The input START

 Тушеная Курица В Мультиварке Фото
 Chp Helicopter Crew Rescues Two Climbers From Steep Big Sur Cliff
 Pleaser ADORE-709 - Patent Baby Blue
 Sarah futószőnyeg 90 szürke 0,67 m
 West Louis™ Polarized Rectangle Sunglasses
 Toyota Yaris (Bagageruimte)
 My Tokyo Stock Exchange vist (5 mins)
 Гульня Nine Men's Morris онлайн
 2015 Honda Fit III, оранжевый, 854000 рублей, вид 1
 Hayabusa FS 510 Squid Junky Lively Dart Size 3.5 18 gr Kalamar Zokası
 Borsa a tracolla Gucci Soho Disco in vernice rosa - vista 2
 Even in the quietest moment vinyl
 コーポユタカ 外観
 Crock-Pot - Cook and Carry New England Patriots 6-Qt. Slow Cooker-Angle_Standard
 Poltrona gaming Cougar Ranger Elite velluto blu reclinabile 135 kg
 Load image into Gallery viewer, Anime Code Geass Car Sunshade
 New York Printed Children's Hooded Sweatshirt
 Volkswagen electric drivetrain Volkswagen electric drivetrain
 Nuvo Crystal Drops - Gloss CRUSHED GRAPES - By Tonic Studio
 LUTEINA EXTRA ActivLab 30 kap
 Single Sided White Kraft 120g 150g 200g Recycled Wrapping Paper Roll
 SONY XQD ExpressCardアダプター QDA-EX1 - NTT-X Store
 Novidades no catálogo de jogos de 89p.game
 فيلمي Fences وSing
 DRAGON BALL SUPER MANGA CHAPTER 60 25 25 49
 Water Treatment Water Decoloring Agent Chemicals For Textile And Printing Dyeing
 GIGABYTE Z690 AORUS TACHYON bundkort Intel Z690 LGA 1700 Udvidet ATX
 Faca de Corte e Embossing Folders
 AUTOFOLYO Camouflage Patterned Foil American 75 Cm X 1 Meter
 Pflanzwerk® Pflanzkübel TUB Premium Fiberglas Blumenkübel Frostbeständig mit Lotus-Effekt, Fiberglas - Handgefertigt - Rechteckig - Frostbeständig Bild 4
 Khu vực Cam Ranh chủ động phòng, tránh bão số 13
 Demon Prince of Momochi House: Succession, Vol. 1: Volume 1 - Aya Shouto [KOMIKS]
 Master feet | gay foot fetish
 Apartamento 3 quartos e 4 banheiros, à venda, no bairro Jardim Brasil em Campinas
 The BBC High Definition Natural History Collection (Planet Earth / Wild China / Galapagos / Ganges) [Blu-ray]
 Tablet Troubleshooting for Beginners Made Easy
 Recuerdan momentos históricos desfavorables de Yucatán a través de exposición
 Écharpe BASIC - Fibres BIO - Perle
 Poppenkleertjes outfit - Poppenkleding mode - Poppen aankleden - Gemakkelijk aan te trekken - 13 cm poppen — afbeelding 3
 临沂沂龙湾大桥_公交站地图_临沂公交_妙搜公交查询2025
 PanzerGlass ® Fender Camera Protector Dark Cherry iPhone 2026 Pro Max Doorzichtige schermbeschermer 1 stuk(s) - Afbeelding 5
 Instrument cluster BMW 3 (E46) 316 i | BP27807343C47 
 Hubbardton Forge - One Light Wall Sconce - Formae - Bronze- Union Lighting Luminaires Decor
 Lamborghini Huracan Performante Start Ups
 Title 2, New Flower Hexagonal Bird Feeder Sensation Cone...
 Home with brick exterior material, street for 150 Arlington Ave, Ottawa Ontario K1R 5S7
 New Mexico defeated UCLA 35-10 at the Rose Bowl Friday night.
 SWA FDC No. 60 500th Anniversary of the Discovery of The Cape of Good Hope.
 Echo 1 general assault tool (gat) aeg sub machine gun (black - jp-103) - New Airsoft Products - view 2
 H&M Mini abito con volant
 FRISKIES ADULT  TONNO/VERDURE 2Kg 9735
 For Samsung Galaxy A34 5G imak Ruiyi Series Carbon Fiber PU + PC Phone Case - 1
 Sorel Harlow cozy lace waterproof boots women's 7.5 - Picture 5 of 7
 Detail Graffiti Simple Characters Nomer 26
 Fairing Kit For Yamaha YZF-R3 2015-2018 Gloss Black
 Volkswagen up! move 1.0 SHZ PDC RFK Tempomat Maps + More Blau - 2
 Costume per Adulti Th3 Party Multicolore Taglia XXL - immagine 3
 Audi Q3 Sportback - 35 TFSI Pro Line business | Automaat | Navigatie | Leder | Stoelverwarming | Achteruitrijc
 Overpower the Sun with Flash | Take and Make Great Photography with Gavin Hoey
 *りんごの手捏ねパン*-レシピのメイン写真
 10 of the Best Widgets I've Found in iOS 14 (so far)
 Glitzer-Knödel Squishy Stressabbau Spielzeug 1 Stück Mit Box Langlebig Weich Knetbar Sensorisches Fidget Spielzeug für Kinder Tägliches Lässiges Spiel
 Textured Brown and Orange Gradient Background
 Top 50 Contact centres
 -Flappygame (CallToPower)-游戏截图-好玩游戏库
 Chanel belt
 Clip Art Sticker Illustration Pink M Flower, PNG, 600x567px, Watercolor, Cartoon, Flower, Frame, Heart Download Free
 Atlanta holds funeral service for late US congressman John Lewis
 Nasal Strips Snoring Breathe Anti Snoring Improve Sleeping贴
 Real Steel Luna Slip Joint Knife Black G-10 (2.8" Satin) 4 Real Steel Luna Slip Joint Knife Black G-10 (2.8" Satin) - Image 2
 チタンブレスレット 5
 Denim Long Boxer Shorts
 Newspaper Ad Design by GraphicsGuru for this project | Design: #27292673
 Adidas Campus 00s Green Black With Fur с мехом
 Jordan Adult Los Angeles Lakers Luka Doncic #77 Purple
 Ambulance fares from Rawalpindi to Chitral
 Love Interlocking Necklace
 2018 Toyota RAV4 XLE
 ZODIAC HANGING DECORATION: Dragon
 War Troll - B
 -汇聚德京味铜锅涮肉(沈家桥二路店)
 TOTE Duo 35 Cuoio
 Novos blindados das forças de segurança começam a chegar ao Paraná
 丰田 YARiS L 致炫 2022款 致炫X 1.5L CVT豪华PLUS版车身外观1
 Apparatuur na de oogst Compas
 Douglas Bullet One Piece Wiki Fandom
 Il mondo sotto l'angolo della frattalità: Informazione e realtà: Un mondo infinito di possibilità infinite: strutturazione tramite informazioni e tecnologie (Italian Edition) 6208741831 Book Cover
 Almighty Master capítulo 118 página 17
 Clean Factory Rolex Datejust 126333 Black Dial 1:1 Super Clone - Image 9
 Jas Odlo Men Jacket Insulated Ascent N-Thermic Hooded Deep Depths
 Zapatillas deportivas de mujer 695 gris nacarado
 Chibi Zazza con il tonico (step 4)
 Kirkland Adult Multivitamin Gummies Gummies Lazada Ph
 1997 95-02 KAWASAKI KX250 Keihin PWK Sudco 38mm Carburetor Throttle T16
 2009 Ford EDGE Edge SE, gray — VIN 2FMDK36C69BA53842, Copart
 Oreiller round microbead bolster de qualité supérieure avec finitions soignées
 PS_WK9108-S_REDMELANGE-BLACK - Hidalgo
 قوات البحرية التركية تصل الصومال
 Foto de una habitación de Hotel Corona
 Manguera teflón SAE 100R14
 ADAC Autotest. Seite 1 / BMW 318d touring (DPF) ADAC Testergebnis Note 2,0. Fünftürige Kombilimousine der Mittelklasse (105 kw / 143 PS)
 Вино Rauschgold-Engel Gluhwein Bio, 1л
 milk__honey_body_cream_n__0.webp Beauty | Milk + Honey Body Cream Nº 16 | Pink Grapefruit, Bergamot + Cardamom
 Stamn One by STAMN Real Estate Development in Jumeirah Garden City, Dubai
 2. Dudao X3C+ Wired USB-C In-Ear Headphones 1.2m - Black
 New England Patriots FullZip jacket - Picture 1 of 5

The input END

Everything in the listing must be reproduced exactly; please include every line.

 Тушеная Курица В Мультиварке Фото
 Chp Helicopter Crew Rescues Two Climbers From Steep Big Sur Cliff
 Pleaser ADORE-709 - Patent Baby Blue
 Sarah futószőnyeg 90 szürke 0,67 m
 West Louis™ Polarized Rectangle Sunglasses
 Toyota Yaris (Bagageruimte)
 My Tokyo Stock Exchange vist (5 mins)
 Гульня Nine Men's Morris онлайн
 2015 Honda Fit III, оранжевый, 854000 рублей, вид 1
 Hayabusa FS 510 Squid Junky Lively Dart Size 3.5 18 gr Kalamar Zokası
 Borsa a tracolla Gucci Soho Disco in vernice rosa - vista 2
 Even in the quietest moment vinyl
 コーポユタカ 外観
 Crock-Pot - Cook and Carry New England Patriots 6-Qt. Slow Cooker-Angle_Standard
 Poltrona gaming Cougar Ranger Elite velluto blu reclinabile 135 kg
 Load image into Gallery viewer, Anime Code Geass Car Sunshade
 New York Printed Children's Hooded Sweatshirt
 Volkswagen electric drivetrain Volkswagen electric drivetrain
 Nuvo Crystal Drops - Gloss CRUSHED GRAPES - By Tonic Studio
 LUTEINA EXTRA ActivLab 30 kap
 Single Sided White Kraft 120g 150g 200g Recycled Wrapping Paper Roll
 SONY XQD ExpressCardアダプター QDA-EX1 - NTT-X Store
 Novidades no catálogo de jogos de 89p.game
 فيلمي Fences وSing
 DRAGON BALL SUPER MANGA CHAPTER 60 25 25 49
 Water Treatment Water Decoloring Agent Chemicals For Textile And Printing Dyeing
 GIGABYTE Z690 AORUS TACHYON bundkort Intel Z690 LGA 1700 Udvidet ATX
 Faca de Corte e Embossing Folders
 AUTOFOLYO Camouflage Patterned Foil American 75 Cm X 1 Meter
 Pflanzwerk® Pflanzkübel TUB Premium Fiberglas Blumenkübel Frostbeständig mit Lotus-Effekt, Fiberglas - Handgefertigt - Rechteckig - Frostbeständig Bild 4
 Khu vực Cam Ranh chủ động phòng, tránh bão số 13
 Demon Prince of Momochi House: Succession, Vol. 1: Volume 1 - Aya Shouto [KOMIKS]
 Master feet | gay foot fetish
 Apartamento 3 quartos e 4 banheiros, à venda, no bairro Jardim Brasil em Campinas
 The BBC High Definition Natural History Collection (Planet Earth / Wild China / Galapagos / Ganges) [Blu-ray]
 Tablet Troubleshooting for Beginners Made Easy
 Recuerdan momentos históricos desfavorables de Yucatán a través de exposición
 Écharpe BASIC - Fibres BIO - Perle
 Poppenkleertjes outfit - Poppenkleding mode - Poppen aankleden - Gemakkelijk aan te trekken - 13 cm poppen — afbeelding 3
 临沂沂龙湾大桥_公交站地图_临沂公交_妙搜公交查询2025
 PanzerGlass ® Fender Camera Protector Dark Cherry iPhone 2026 Pro Max Doorzichtige schermbeschermer 1 stuk(s) - Afbeelding 5
 Instrument cluster BMW 3 (E46) 316 i | BP27807343C47 
 Hubbardton Forge - One Light Wall Sconce - Formae - Bronze- Union Lighting Luminaires Decor
 Lamborghini Huracan Performante Start Ups
 Title 2, New Flower Hexagonal Bird Feeder Sensation Cone...
 Home with brick exterior material, street for 150 Arlington Ave, Ottawa Ontario K1R 5S7
 New Mexico defeated UCLA 35-10 at the Rose Bowl Friday night.
 SWA FDC No. 60 500th Anniversary of the Discovery of The Cape of Good Hope.
 Echo 1 general assault tool (gat) aeg sub machine gun (black - jp-103) - New Airsoft Products - view 2
 H&M Mini abito con volant
 FRISKIES ADULT  TONNO/VERDURE 2Kg 9735
 For Samsung Galaxy A34 5G imak Ruiyi Series Carbon Fiber PU + PC Phone Case - 1
 Sorel Harlow cozy lace waterproof boots women's 7.5 - Picture 5 of 7
 Detail Graffiti Simple Characters Nomer 26
 Fairing Kit For Yamaha YZF-R3 2015-2018 Gloss Black
 Volkswagen up! move 1.0 SHZ PDC RFK Tempomat Maps + More Blau - 2
 Costume per Adulti Th3 Party Multicolore Taglia XXL - immagine 3
 Audi Q3 Sportback - 35 TFSI Pro Line business | Automaat | Navigatie | Leder | Stoelverwarming | Achteruitrijc
 Overpower the Sun with Flash | Take and Make Great Photography with Gavin Hoey
 *りんごの手捏ねパン*-レシピのメイン写真
 10 of the Best Widgets I've Found in iOS 14 (so far)
 Glitzer-Knödel Squishy Stressabbau Spielzeug 1 Stück Mit Box Langlebig Weich Knetbar Sensorisches Fidget Spielzeug für Kinder Tägliches Lässiges Spiel
 Textured Brown and Orange Gradient Background
 Top 50 Contact centres
 -Flappygame (CallToPower)-游戏截图-好玩游戏库
 Chanel belt
 Clip Art Sticker Illustration Pink M Flower, PNG, 600x567px, Watercolor, Cartoon, Flower, Frame, Heart Download Free
 Atlanta holds funeral service for late US congressman John Lewis
 Nasal Strips Snoring Breathe Anti Snoring Improve Sleeping贴
 Real Steel Luna Slip Joint Knife Black G-10 (2.8" Satin) 4 Real Steel Luna Slip Joint Knife Black G-10 (2.8" Satin) - Image 2
 チタンブレスレット 5
 Denim Long Boxer Shorts
 Newspaper Ad Design by GraphicsGuru for this project | Design: #27292673
 Adidas Campus 00s Green Black With Fur с мехом
 Jordan Adult Los Angeles Lakers Luka Doncic #77 Purple
 Ambulance fares from Rawalpindi to Chitral
 Love Interlocking Necklace
 2018 Toyota RAV4 XLE
 ZODIAC HANGING DECORATION: Dragon
 War Troll - B
 -汇聚德京味铜锅涮肉(沈家桥二路店)
 TOTE Duo 35 Cuoio
 Novos blindados das forças de segurança começam a chegar ao Paraná
 丰田 YARiS L 致炫 2022款 致炫X 1.5L CVT豪华PLUS版车身外观1
 Apparatuur na de oogst Compas
 Douglas Bullet One Piece Wiki Fandom
 Il mondo sotto l'angolo della frattalità: Informazione e realtà: Un mondo infinito di possibilità infinite: strutturazione tramite informazioni e tecnologie (Italian Edition) 6208741831 Book Cover
 Almighty Master capítulo 118 página 17
 Clean Factory Rolex Datejust 126333 Black Dial 1:1 Super Clone - Image 9
 Jas Odlo Men Jacket Insulated Ascent N-Thermic Hooded Deep Depths
 Zapatillas deportivas de mujer 695 gris nacarado
 Chibi Zazza con il tonico (step 4)
 Kirkland Adult Multivitamin Gummies Gummies Lazada Ph
 1997 95-02 KAWASAKI KX250 Keihin PWK Sudco 38mm Carburetor Throttle T16
 2009 Ford EDGE Edge SE, gray — VIN 2FMDK36C69BA53842, Copart
 Oreiller round microbead bolster de qualité supérieure avec finitions soignées
 PS_WK9108-S_REDMELANGE-BLACK - Hidalgo
 قوات البحرية التركية تصل الصومال
 Foto de una habitación de Hotel Corona
 Manguera teflón SAE 100R14
 ADAC Autotest. Seite 1 / BMW 318d touring (DPF) ADAC Testergebnis Note 2,0. Fünftürige Kombilimousine der Mittelklasse (105 kw / 143 PS)
 Вино Rauschgold-Engel Gluhwein Bio, 1л
 milk__honey_body_cream_n__0.webp Beauty | Milk + Honey Body Cream Nº 16 | Pink Grapefruit, Bergamot + Cardamom
 Stamn One by STAMN Real Estate Development in Jumeirah Garden City, Dubai
 2. Dudao X3C+ Wired USB-C In-Ear Headphones 1.2m - Black
 New England Patriots FullZip jacket - Picture 1 of 5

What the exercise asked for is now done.